Governor pitches $59M of sales tax revenue for municipalities hit by AIM cuts

Jed Hendrixson
Hempstead Town Supervisor Laura Gillen, right, with state Senate Majority Leader Andrea Stewart-Cousins in Albany Monday. (Photo courtesy of Twitter)

By Janelle Clausen and Jed Hendrixson

Gov. Andrew Cuomo released a proposal to give municipalities affected by cuts to the Aid and Incentives to Municipalities $59 million worth of funding through the implementation of an Internet sales tax on Friday, roughly equivalent to how much they would lose under the proposed changes to AIM.

The news follows mayors and local government campaigning for the reversal of the cuts, citing how critical they are to local governments providing an array of services while noting the aid is a very small part of the state budget.

Cuomo has proposed slashing more than $16 million in aid to villages and more than $42 million in aid to towns statewide.

Area villages would have lost $1 million, with only two of 29 retaining any funding, while North Hempstead was slated to lose $1.02 million and Hempstead would have lost almost $3.85 million.

“The original proposal only impacted localities receiving a relatively small amount of money, but I have been contacted by mayors and local officials who say in these tough times it would still be a challenge for them,” Cuomo said. “This is why we are revising the executive budget to use Internet sales tax revenue to make these impacted localities whole.”

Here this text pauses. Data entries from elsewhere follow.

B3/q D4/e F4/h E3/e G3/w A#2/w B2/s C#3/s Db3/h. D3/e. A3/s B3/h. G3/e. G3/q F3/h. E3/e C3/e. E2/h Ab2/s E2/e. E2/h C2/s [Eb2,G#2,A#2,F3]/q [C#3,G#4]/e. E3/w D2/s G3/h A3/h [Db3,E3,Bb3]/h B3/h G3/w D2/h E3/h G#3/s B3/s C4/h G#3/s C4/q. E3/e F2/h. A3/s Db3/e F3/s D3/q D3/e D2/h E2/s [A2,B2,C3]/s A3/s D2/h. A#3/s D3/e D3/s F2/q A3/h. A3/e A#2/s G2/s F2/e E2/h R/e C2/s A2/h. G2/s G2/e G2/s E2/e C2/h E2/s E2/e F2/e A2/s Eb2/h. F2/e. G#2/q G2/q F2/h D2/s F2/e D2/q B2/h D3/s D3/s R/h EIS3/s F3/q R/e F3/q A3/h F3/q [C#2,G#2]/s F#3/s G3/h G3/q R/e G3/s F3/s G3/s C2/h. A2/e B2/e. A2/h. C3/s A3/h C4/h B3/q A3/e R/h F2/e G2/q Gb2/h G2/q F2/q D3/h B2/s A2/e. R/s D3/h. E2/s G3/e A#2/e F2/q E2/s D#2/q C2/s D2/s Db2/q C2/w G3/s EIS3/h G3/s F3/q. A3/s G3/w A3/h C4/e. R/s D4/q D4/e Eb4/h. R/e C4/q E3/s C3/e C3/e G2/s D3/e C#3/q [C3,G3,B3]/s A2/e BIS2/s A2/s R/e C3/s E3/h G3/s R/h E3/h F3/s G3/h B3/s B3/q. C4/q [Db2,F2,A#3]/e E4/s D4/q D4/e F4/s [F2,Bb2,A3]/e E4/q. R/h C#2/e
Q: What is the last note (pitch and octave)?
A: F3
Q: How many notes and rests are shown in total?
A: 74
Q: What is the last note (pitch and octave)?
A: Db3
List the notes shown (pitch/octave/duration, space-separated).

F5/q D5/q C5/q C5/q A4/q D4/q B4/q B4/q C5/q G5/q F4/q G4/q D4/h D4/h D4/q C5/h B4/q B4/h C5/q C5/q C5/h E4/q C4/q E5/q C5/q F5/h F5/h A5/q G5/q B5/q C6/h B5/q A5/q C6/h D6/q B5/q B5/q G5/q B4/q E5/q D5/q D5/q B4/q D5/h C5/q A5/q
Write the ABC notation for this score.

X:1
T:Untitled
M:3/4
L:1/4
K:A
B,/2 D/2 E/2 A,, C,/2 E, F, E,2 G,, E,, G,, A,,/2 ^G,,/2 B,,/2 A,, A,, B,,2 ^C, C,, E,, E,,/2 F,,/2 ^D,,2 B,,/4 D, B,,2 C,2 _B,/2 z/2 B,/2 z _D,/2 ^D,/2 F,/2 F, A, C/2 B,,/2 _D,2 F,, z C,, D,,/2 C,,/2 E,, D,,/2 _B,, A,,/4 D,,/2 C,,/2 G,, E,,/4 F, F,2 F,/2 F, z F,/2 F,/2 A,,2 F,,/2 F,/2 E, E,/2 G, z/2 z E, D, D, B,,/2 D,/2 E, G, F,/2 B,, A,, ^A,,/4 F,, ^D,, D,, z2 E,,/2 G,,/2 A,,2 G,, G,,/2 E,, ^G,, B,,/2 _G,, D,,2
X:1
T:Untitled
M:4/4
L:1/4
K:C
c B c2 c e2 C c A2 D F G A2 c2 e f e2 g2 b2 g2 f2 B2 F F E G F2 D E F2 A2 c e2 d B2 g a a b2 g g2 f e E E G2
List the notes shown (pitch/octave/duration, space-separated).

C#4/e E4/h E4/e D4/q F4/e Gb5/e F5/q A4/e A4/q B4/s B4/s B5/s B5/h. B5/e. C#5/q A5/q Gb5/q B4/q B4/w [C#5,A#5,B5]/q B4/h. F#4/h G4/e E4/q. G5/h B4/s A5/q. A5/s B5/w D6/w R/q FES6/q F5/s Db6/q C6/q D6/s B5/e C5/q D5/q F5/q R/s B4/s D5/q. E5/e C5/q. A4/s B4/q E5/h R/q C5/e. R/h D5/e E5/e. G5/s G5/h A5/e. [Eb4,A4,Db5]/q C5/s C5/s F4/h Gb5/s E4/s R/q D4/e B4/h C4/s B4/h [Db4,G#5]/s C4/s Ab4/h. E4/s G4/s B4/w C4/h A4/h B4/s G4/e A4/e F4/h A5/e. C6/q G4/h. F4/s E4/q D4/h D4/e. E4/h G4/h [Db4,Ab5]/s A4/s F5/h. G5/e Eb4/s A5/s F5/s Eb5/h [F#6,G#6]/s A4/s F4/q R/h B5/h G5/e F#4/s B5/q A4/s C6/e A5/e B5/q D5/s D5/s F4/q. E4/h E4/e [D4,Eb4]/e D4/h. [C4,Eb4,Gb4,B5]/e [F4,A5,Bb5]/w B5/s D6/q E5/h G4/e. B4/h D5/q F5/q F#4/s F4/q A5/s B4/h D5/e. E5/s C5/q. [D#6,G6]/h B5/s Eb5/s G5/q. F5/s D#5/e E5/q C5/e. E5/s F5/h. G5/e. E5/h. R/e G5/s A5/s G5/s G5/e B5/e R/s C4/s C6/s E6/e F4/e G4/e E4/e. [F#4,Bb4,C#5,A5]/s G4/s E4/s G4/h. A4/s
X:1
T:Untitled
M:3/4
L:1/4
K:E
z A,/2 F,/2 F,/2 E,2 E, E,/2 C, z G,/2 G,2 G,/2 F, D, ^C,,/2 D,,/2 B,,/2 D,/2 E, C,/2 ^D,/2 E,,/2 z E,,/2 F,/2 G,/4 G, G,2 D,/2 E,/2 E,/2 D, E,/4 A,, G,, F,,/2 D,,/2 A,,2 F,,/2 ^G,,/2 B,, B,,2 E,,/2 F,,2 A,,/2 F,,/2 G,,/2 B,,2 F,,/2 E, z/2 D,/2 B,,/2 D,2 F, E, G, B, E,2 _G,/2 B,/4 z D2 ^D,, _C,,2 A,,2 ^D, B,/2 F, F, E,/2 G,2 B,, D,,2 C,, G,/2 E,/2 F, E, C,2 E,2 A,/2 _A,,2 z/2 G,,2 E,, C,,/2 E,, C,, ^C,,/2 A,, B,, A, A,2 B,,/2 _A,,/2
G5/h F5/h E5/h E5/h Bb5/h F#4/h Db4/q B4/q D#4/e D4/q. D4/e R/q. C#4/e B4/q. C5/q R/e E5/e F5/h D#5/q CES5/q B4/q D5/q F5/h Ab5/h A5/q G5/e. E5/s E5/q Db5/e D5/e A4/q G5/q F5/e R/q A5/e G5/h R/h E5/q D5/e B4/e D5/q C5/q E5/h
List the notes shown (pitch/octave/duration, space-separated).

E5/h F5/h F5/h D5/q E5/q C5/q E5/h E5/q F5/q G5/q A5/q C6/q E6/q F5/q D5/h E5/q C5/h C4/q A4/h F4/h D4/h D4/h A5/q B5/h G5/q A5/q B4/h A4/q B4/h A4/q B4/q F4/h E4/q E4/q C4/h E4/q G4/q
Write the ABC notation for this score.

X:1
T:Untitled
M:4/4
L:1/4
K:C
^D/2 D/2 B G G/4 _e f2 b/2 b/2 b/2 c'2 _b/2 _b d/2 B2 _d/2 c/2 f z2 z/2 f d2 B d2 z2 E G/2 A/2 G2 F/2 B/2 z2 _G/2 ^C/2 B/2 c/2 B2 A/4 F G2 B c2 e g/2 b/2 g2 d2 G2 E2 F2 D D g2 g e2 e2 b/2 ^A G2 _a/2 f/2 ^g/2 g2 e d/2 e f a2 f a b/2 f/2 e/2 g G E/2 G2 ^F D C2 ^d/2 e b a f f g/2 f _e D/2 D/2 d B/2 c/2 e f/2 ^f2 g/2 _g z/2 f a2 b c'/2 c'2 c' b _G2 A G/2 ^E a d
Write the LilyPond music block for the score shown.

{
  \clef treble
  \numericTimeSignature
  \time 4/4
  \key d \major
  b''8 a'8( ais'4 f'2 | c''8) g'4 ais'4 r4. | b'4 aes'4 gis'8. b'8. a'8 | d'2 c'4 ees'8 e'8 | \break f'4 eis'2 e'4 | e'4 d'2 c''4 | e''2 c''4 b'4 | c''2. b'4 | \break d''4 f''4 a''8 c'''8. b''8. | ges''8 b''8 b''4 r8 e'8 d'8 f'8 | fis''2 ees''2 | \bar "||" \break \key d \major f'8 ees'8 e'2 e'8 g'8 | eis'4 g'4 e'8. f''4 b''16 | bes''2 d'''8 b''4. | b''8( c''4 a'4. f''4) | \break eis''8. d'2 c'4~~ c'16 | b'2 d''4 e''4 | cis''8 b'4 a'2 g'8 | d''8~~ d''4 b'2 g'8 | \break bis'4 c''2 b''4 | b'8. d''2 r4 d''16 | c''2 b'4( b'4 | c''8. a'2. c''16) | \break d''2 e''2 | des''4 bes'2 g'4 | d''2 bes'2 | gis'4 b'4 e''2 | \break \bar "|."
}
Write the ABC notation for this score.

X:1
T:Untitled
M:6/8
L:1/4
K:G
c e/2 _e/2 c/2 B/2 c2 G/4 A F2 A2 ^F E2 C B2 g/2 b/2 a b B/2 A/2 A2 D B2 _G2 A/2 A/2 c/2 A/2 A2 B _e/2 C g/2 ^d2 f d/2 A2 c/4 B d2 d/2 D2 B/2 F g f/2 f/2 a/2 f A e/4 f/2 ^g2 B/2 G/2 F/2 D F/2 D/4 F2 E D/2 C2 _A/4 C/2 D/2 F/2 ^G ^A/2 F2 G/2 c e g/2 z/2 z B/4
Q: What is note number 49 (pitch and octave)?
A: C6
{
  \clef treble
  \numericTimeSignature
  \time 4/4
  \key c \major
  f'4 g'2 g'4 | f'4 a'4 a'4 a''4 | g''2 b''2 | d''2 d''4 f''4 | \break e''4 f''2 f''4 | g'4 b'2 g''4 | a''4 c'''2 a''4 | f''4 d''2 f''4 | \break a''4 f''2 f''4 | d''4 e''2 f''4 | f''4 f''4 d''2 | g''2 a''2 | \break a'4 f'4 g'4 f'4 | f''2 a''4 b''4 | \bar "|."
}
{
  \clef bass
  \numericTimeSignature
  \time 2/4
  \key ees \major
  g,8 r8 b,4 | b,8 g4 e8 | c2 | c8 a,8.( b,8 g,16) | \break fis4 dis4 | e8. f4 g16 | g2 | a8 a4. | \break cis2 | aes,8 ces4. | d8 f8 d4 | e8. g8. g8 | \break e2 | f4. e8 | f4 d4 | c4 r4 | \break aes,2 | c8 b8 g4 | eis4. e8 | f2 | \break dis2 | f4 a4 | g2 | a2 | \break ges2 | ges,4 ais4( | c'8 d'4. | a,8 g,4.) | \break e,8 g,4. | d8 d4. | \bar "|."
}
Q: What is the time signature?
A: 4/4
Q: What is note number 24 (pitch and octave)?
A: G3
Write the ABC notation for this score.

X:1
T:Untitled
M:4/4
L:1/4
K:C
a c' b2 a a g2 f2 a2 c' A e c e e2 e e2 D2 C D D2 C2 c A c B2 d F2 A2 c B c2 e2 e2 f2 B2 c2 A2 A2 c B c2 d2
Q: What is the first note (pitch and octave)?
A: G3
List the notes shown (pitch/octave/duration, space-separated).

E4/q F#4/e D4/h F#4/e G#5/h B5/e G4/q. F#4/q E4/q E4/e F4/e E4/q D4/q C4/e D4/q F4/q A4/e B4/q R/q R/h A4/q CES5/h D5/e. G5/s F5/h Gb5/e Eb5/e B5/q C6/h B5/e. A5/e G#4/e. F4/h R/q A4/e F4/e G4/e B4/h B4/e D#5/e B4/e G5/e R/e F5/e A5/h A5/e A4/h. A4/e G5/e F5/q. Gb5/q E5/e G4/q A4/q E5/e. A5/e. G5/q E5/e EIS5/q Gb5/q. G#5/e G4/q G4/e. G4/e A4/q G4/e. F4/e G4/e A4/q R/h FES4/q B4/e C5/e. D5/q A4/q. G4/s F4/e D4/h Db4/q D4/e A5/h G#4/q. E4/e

The state plans to implement the internet sales tax sooner, starting June 1 rather than the originally planned Sept. 1, to fund the $59 million that would’ve been lost.

The tax is expected to generate $390 million in revenue.

But the move is, technically, not a reversal of the proposed cuts. Instead, counties – including Nassau – would be responsible for divvying up sales tax revenue equivalent to what was lost to the villages and towns.

Peter Baynes, the executive director of the New York State Conference of Mayors, said this imposes a “new mandate on counties to make up” for the cut in aid and “will only further harm New York’s already overburdened taxpayers.”

“While we appreciate the fact that the Governor has acknowledged that the elimination of AIM funding would have serious implications for the State’s villages and towns, his ‘restoration’ of this $59 million is, in reality, a robbing of one property taxpayer to pay another,” Baynes said.

Baynes said he is optimistic, however, that legislators could restore the AIM funding and even increase it.

“I think because of the proposed elimination and the uproar it’s created throughout the state, I think state legislators have a greater appreciation now for AIM funding,” Baynes said.

If legislators were to stick with the governor’s proposal, Baynes said one of the difficulties would be creating a greater temptation for counties to reduce how much money they share.

“It diminishes the chance they’ll want to share any other portion of the sales tax if they do,” Baynes said. “Nassau County and Suffolk County are two of the counties that are notoriously not generous with their sales tax.”

Floral Park Mayor Dominick Longobardi, whose village received $270,822 in state aid last year, described it as a “nice gesture,” but not a full restoration of the original AIM funding.

The law would leave it up to the county whether or not to deliver the revenue to the villages, Longobardi said.

“The reality is we’ve still got a very far way to go,” Longobardi said of the funding, adding that “we still have no idea where we stand.”

At a press conference last month, Hempstead Town Supervisor Laura Gillen had ordered the town’s 28 departments to cut five percent of discretionary spending to prepare for the town’s expected $3.8 million aid cut.

Consequently, Gillen said on Friday, the change is still good news.

“I want to thank Governor Cuomo for working with the Town and restoring $3.8 million dollars’ worth of vital funding for essential services that our residents rely on,” Gillen said. “Hempstead Town would have taken the biggest hit out of any other municipality in the state; therefore, restoration of this funding has been my top priority.”